It plans to chips created with Nuvia for smartphones, laptops, cars and more.

Qualcomm has announced an acquisition that’s bound to make ripples in the chip world — even though you may not have heard of the company it acquired. Qualcomm paid $1.4 billion for Nuvia, a startup founded by three engineers who worked on Apple’s A-series processors that power the iPhone and iPad. It plans to use Nuvia’s technology in future chips for devices ranging from vehicles to smartphones to laptops.

Nuvia was founded by CEO Gerard Williams III, along with senior VPs Manu Gulati and John Bruno, with the original plan to build more efficient data center processors. All held high positions in Apple’s silicon design division. Williams previously worked at ARM on the Cortex-A15 and other cores, and later became the Apple’s chief architecture for its CPU and chipset design — covering chips from the A7 to the current A14. Gulati and Bruno worked under Williams until 2017.

“CPU performance leadership will be critical in defining and delivering on the next era of computing innovation,” said Williams. “The combination of NUVIA and Qualcomm will bring the industry’s best engineering talent, technology and resources together to create a new class of high-performance computing platforms that set the bar for our industry.”

The move could signal that Qualcomm plans to design their own ARM-based processor cores rather than relying on ARM’s Cortex designs.
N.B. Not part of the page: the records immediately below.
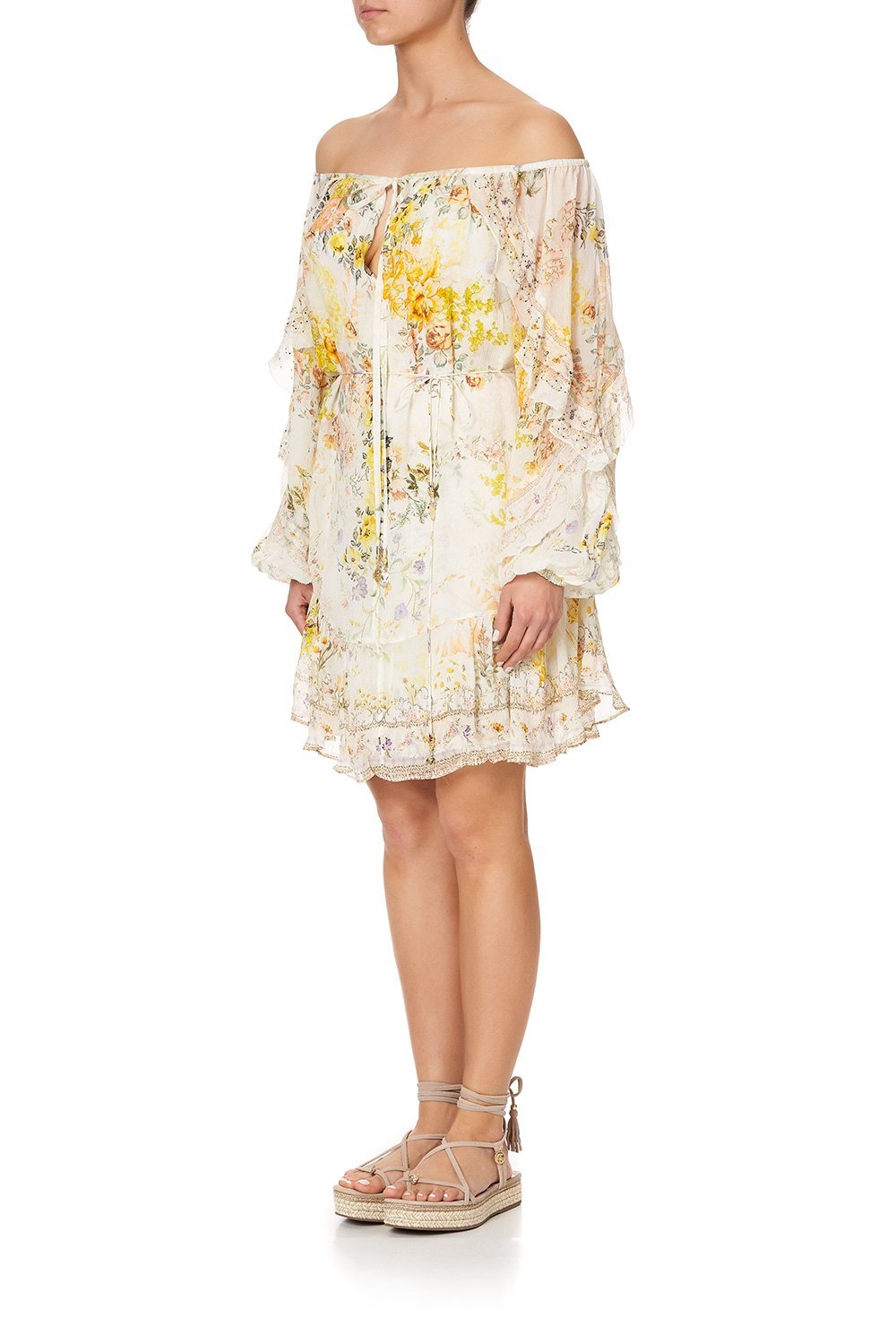 BLOUSON FRILL SLEEVE DRESS IN THE HILLS OF TUSCANY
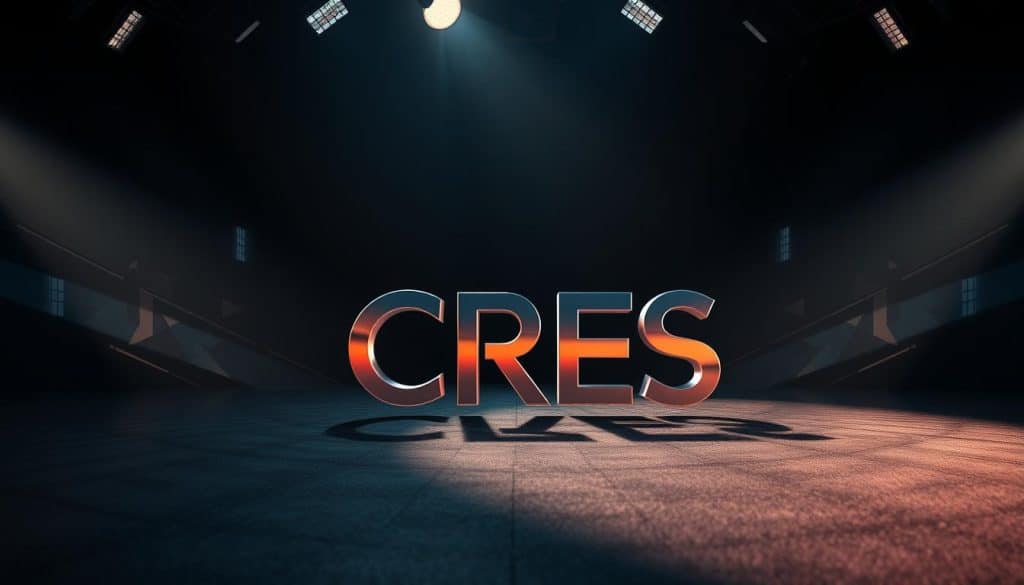 An impactful marketing design with a striking focal point, showcasing the CRES brand. In the foreground, a sleek, minimalist logo rendered in metallic hues, casting dynamic shadows and reflected light. In the middle ground, abstract geometric shapes and dynamic patterns radiate outward, creating a sense of motion and energy. The background features a deep, moody gradient, with subtle hints of color and subtle textures, lending a premium, high-quality aesthetic. Dramatic studio lighting from multiple angles, creating dramatic highlights and shadows to accentuate the design's visual impact. The overall mood is one of sophistication, innovation, and a powerful, professional presence.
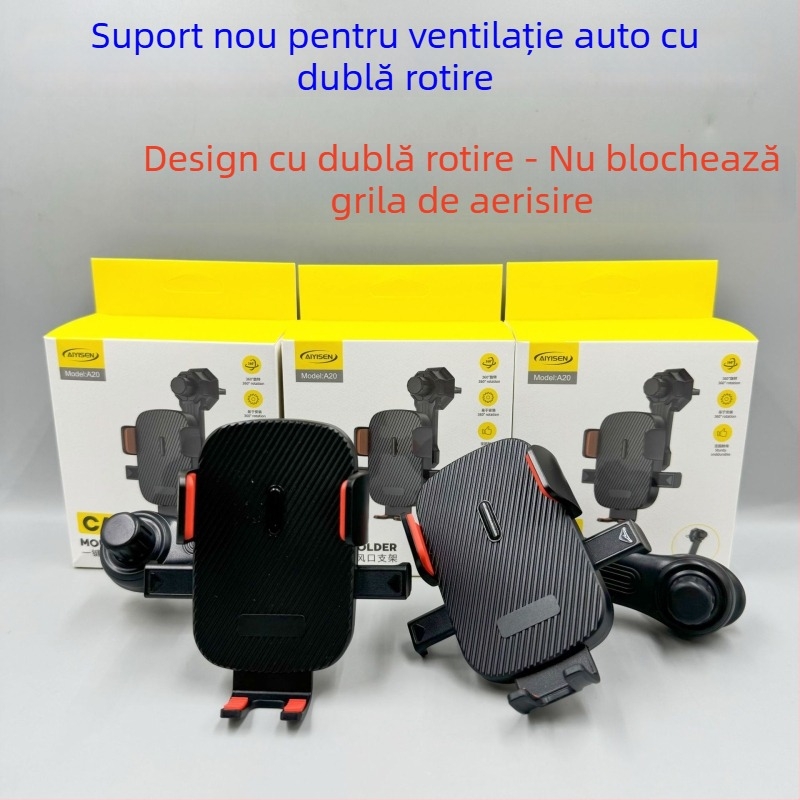 Suport auto pentru gură de ventilație cu tijă extensibilă cu dublă rotație, compatibil navigației, rotire de 360°, plastic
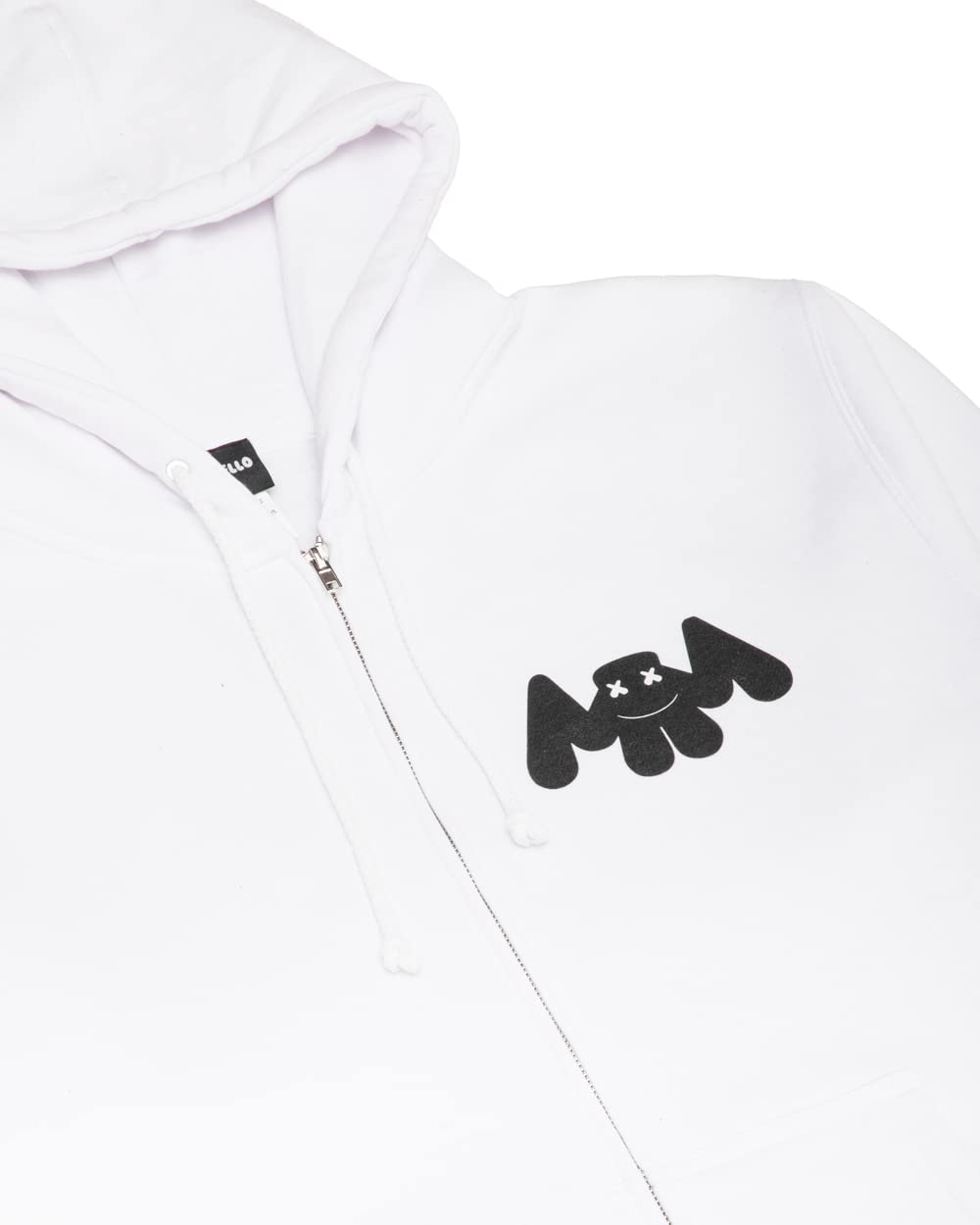 Marshmello MELLOGANG 30 Zip-Up Hoodie - White Men's & Women's Casual Outerwear for Concerts, Streetwear & Fan Merch Collection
Rival Apple uses its own ARM-based cores for its A-series chips, and they’re generally acknowledged to have better performance than Qualcomm designs. Nuvia has also designed its own cores and recently published preliminary results from its “Phoenix” CPU, claiming double the performance per watt of rival chips.

The deal with Nuvia could also help Qualcomm rely less on ARM. That could be crucial given that chip rival NVIDIA has acquired ARM (pending regulatory approval). While Nuvia originally founded the company to build server chips, Qualcomm said it will use Nuvia’s technology to power “flagship smartphones, next-generation laptops and digital cockpits, as well as advanced driver assistance systems, extended reality and infrastructure networking solutions.”

The announcement included statements of support from a number of Qualcomm partners including Microsoft, Google, Samsung, ASUS and General Motors — all of which are likely keen to see better performance from Qualcomm compared to Apple.

Apple sued Williams back in 2019 for breach of contract, saying he tried to poach Apple employees for Nuvia before he left the company. Nuvia, meanwhile, filed a countersuit accusing Apple of essentially doing the same thing in return.